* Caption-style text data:
--*--
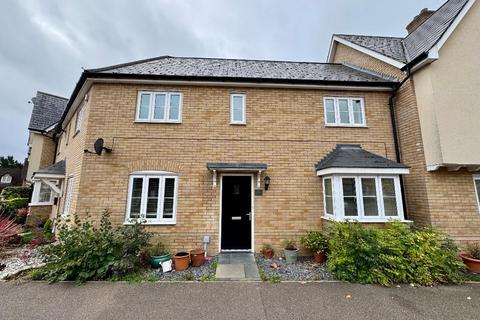 2 bedroom terraced house for sale, Heronslee, Shefford, Bedfordshire, SG17 5FQ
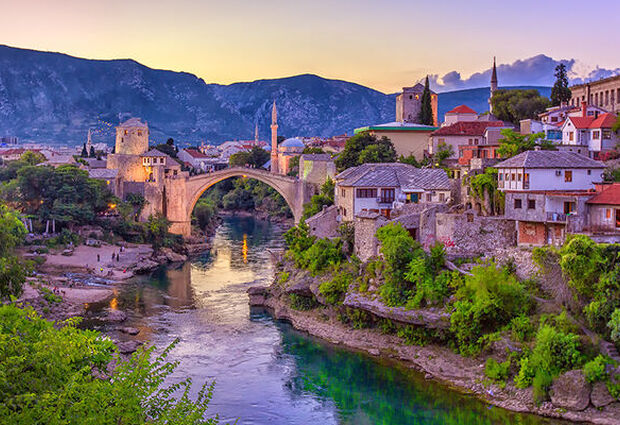 Çukurova'dan Direkt Sefer İle Kosovalı Balkan Rotası Turu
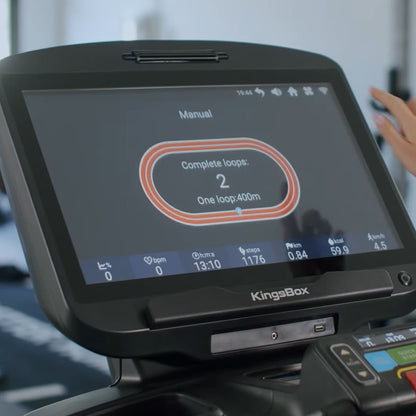 KingsBox Loopband - Royal Ultimate Athletic Club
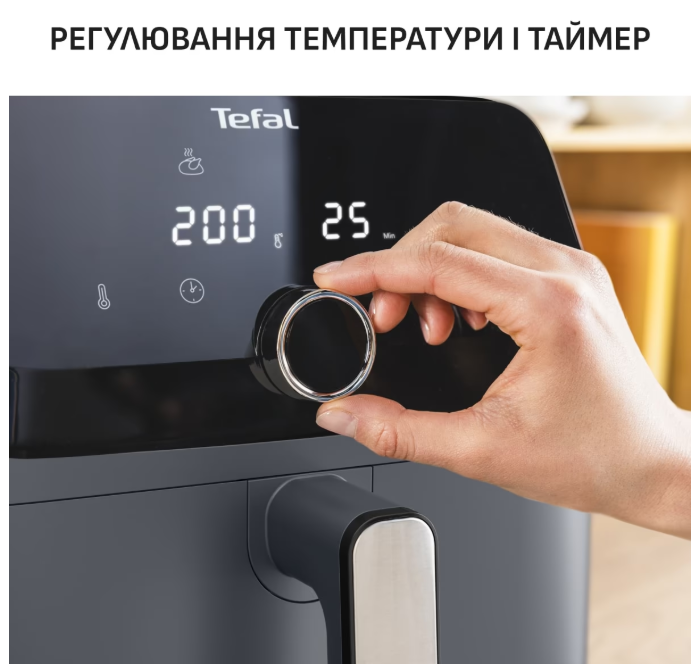 Мультипіч Tefal EY855BE0 фото №9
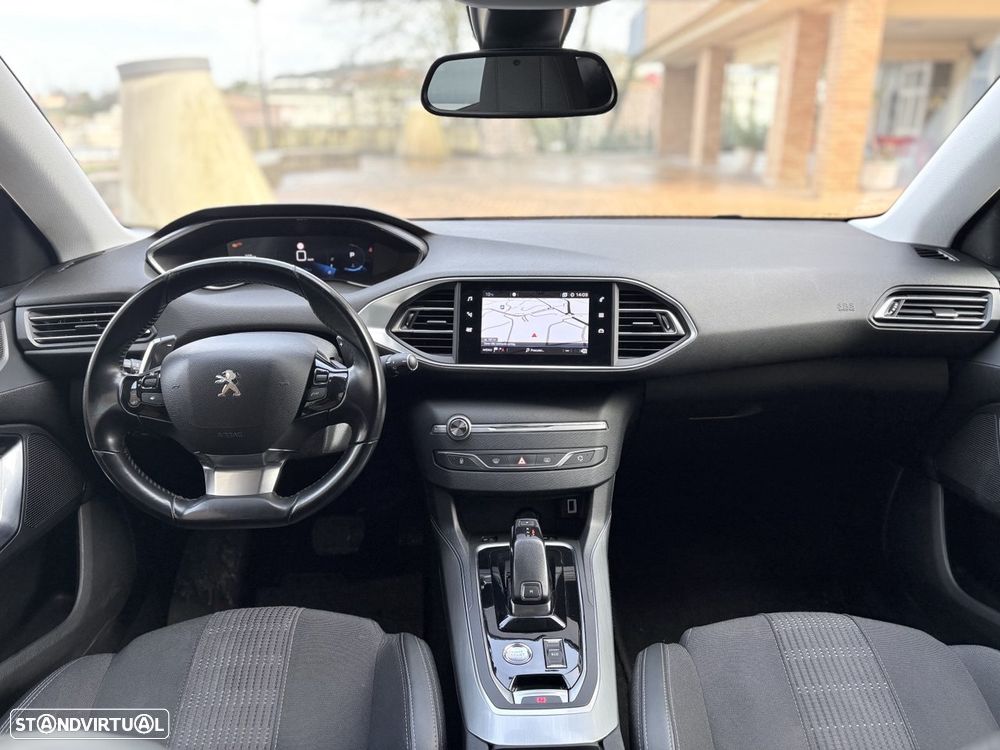 Peugeot 308 SW BlueHDi 130 EAT8 Allure - 10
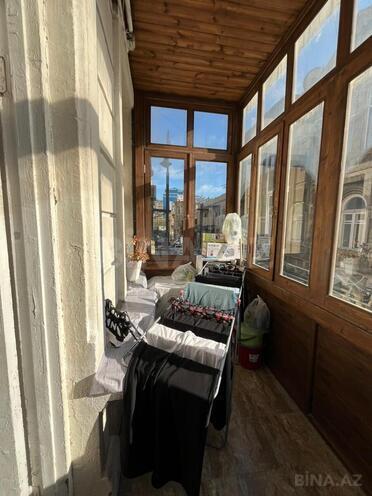 Satılır 1 otaqlı köhnə tikili 35 m², Nizami m., photo 15 from 19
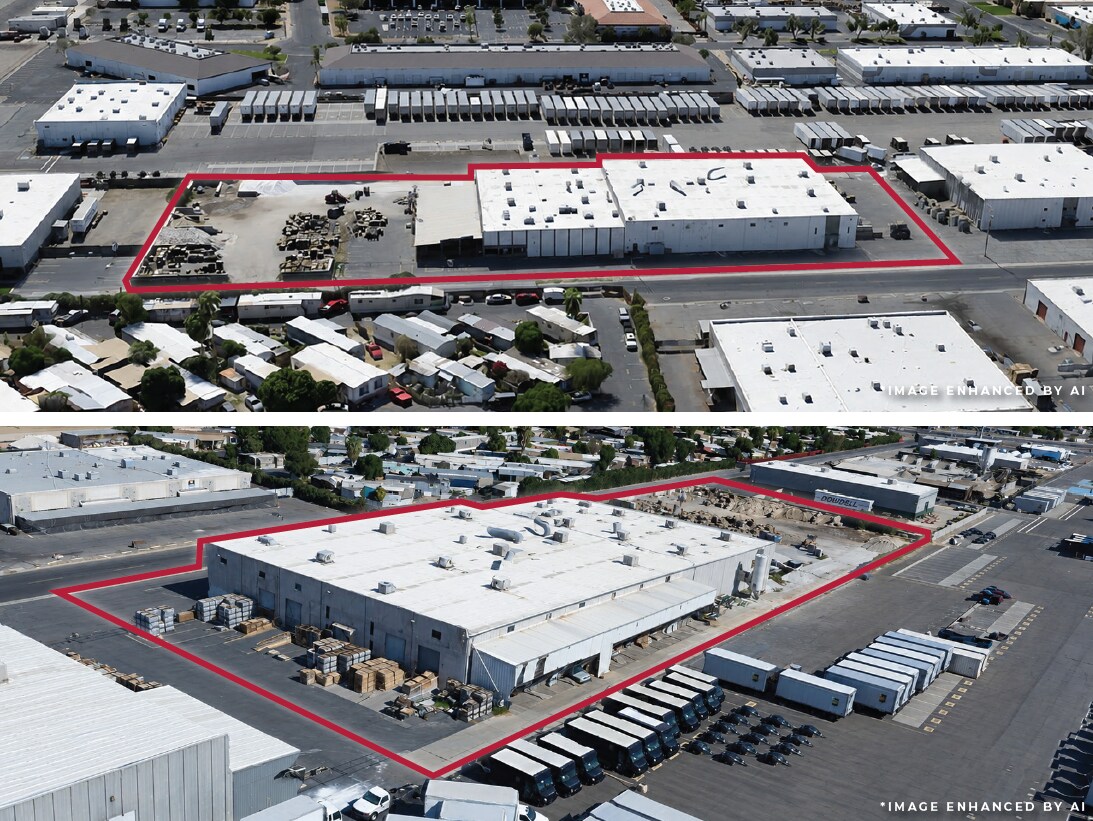 3255-3305 W Osborn Rd, Phoenix, AZ for lease Building Photo- Image 1 of 6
--*--
The records above are to be repeated exactly, apart from their pictures.

* TASK SOLUTION:
 2 bedroom terraced house for sale, Heronslee, Shefford, Bedfordshire, SG17 5FQ
 Çukurova'dan Direkt Sefer İle Kosovalı Balkan Rotası Turu
 KingsBox Loopband - Royal Ultimate Athletic Club
 Мультипіч Tefal EY855BE0 фото №9
 Peugeot 308 SW BlueHDi 130 EAT8 Allure - 10
 Satılır 1 otaqlı köhnə tikili 35 m², Nizami m., photo 15 from 19
 3255-3305 W Osborn Rd, Phoenix, AZ for lease Building Photo- Image 1 of 6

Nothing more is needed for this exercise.